For a period of more than 10 years from 1995 to the present, Dr. Wayne Ott of the Statistics Department, Stanford University measured indoor and outdoor particulate levels in his residential neighborhood in Redwood City, CA. This material is soon to be published and Burning Issues is fortunate to be able to present several graphs from the upcoming paper. The selection of graphs is Burning Issues's as is the commentary presented. We do not presume to speak for Dr. Ott.The commentary was written by Donald Rozenberg. When the paper is published, the appropriate references will be sited here. We will limit ourselves to only the most obvious conclusions and they are ours. See understanding the Charts.
Several interesting things can be seen from these charts:
Looking at Figure 1, one notices that the PAH concentration is highest on Christmas Day. In fact, it is a fact that Christmas has the highest PAH concentrations of the year by a substantial amount. The only other day which even comes close is Thanksgiving.
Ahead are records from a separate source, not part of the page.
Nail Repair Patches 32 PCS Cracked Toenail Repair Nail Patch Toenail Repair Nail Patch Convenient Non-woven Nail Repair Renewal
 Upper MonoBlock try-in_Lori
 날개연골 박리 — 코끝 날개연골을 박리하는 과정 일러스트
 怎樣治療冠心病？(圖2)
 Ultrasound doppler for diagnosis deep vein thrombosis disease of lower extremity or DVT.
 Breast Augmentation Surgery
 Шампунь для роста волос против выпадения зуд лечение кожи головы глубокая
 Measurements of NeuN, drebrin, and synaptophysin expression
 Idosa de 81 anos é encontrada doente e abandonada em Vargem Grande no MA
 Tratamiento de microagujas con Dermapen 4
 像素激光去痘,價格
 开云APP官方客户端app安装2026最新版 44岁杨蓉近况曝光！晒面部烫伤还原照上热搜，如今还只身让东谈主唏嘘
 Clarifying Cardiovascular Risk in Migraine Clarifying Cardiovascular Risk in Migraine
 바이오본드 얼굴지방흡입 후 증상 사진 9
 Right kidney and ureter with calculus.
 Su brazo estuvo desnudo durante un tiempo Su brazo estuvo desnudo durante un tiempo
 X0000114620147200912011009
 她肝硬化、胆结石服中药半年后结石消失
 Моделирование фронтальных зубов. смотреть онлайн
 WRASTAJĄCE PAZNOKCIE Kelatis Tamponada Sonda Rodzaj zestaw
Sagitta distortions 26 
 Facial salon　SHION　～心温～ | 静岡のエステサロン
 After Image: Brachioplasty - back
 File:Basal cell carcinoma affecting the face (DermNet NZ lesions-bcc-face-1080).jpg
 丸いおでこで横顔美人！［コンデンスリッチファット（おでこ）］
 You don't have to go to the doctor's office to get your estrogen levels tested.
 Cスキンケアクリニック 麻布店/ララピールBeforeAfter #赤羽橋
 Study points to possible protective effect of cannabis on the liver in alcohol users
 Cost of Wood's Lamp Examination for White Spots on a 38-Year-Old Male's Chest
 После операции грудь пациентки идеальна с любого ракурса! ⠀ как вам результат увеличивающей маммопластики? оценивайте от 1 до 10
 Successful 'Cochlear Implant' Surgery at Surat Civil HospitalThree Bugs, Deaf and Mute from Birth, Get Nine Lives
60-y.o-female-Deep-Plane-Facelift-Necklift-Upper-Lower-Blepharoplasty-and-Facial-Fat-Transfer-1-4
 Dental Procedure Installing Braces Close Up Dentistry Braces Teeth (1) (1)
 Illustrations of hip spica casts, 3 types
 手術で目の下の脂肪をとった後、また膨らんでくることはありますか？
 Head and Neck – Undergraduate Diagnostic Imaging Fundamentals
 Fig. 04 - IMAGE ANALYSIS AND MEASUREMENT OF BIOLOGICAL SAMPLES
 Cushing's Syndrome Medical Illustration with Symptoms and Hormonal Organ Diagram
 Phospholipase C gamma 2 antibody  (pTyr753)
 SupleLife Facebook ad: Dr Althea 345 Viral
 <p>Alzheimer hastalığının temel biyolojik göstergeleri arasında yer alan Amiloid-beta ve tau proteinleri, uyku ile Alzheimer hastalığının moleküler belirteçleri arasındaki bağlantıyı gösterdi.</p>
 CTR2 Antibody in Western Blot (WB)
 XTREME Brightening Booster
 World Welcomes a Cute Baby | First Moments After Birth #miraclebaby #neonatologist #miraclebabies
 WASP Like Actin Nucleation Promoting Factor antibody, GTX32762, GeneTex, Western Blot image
Looking at Figure 2, one sees that even inside a house with windows and doors closed, substantial levels of PAH's are present. It has been stated that indoor levels can achieve as much as 70 percent of the outdoor levels. In this case, the indoor levels are less than that fraction of outdoor levels, probably reflecting the fact that this is relatively new construction. What this means is that there is no escape from a neighbor's smoke. Remember that the PAH's and most dangerous particulates ( the smallest ones) can't be seen and are odorless.